Compute Intersection over Union (IoU) of two bounding boxes.

Parameters:

Name Type Description Default
box1 Sequence[float]

First bounding box as [x1, y1, x2, y2]

required
box2 Sequence[float]

Second bounding box as [x1, y1, x2, y2]

required

Returns:

Type Description
float

IoU score between 0 and 1

Raises:

Type Description
ValueError

If boxes don't have exactly 4 coordinates

Source code in src/gaze/utils/iou.py
@beartype
def compute_iou(box1: Sequence[float], box2: Sequence[float]) -> float:
    """Compute Intersection over Union (IoU) of two bounding boxes.

    Args:
        box1: First bounding box as [x1, y1, x2, y2]
        box2: Second bounding box as [x1, y1, x2, y2]

    Returns:
        IoU score between 0 and 1

    Raises:
        ValueError: If boxes don't have exactly 4 coordinates
    """
    if len(box1) != 4 or len(box2) != 4:
        raise ValueError("Bounding boxes must have exactly 4 coordinates")

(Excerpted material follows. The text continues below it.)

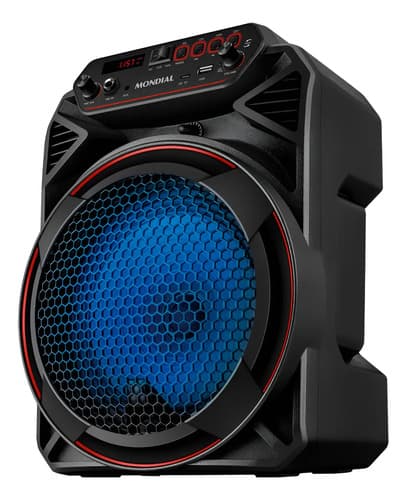 Caixa de Som Mondial Connect Party Plus CM-150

    # Normalize coordinates so x1 <= x2, y1 <= y2.
    # VLMs commonly emit coordinates in arbitrary order.
    x1_1, y1_1, x2_1, y2_1 = (
        min(box1[0], box1[2]),
        min(box1[1], box1[3]),
        max(box1[0], box1[2]),
        max(box1[1], box1[3]),
    )
    x1_2, y1_2, x2_2, y2_2 = (
        min(box2[0], box2[2]),
        min(box2[1], box2[3]),
        max(box2[0], box2[2]),
        max(box2[1], box2[3]),
    )

    # Calculate intersection
    x1_i = max(x1_1, x1_2)
    y1_i = max(y1_1, y1_2)
    x2_i = min(x2_1, x2_2)
    y2_i = min(y2_1, y2_2)

    # Check if boxes intersect
    if x2_i <= x1_i or y2_i <= y1_i:
        return 0.0

    intersection_area = (x2_i - x1_i) * (y2_i - y1_i)

    # Calculate union
    area1 = (x2_1 - x1_1) * (y2_1 - y1_1)
    area2 = (x2_2 - x1_2) * (y2_2 - y1_2)
    union_area = area1 + area2 - intersection_area

    # Avoid division by zero
    if union_area == 0:
        return 0.0

    return intersection_area / union_area

coerce_json_types

coerce_json_types(
    response: dict[str, Any], schema: dict[str, Any]
) -> dict[str, Any]

Coerce response values to match JSON schema types, in place.

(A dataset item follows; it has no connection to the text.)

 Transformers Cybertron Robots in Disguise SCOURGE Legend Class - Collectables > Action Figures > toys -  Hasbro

Recurses into nested objects and array items to arbitrary depth. The response dict is mutated in place and also returned, so the call can be used fluently: parsed = coerce_json_types(parsed, schema).

Parameters:

Name Type Description Default
response dict[str, Any]

Parsed JSON response dict (mutated in place).

required
schema dict[str, Any]

The response_format dict, raw JSON Schema object, or the nested json_schema.schema sub-dict -- all accepted.

required

Returns:

Type Description
dict[str, Any]

The same response dict, after coercion.

Source code in src/gaze/utils/json_coerce.py
@beartype
def coerce_json_types(response: dict[str, Any], schema: dict[str, Any]) -> dict[str, Any]:
    """Coerce response values to match JSON schema types, in place.

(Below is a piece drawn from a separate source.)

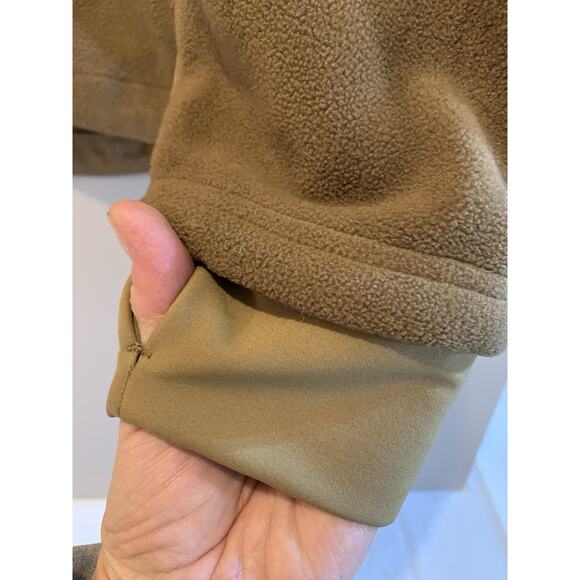 NINE LINE MENS JACKET Condor Alpha Micro Fleece Coat Military EMS - Size L - Picture 9 of 9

    Recurses into nested objects and array items to arbitrary depth. The
    ``response`` dict is mutated in place and also returned, so the call can be
    used fluently: ``parsed = coerce_json_types(parsed, schema)``.

    Args:
        response: Parsed JSON response dict (mutated in place).
        schema: The ``response_format`` dict, raw JSON Schema object, or
                the nested ``json_schema.schema`` sub-dict -- all accepted.

    Returns:
        The same ``response`` dict, after coercion.
    """
    props = schema
    if "json_schema" in props:
        props = props["json_schema"]
    if "schema" in props:
        props = props["schema"]

    _coerce_dict(response, props)
    return response

extract_json_from_text

extract_json_from_text(text: str) -> dict[str, Any] | None

Extract JSON object from model output text.

Handles common formats: - Markdown code blocks (json ...) - Raw JSON objects - JSON embedded in surrounding text

Uses Python's JSONDecoder.raw_decode() for robust parsing that correctly handles JSON strings containing braces.

Parameters:

Name Type Description Default
text str

Text that may contain a JSON object

required

Returns:

Type Description
dict[str, Any] | None

Parsed JSON dict, or None if no valid JSON found

Source code in src/gaze/utils/json_extract.py
@beartype
def extract_json_from_text(text: str) -> dict[str, Any] | None:
    """Extract JSON object from model output text.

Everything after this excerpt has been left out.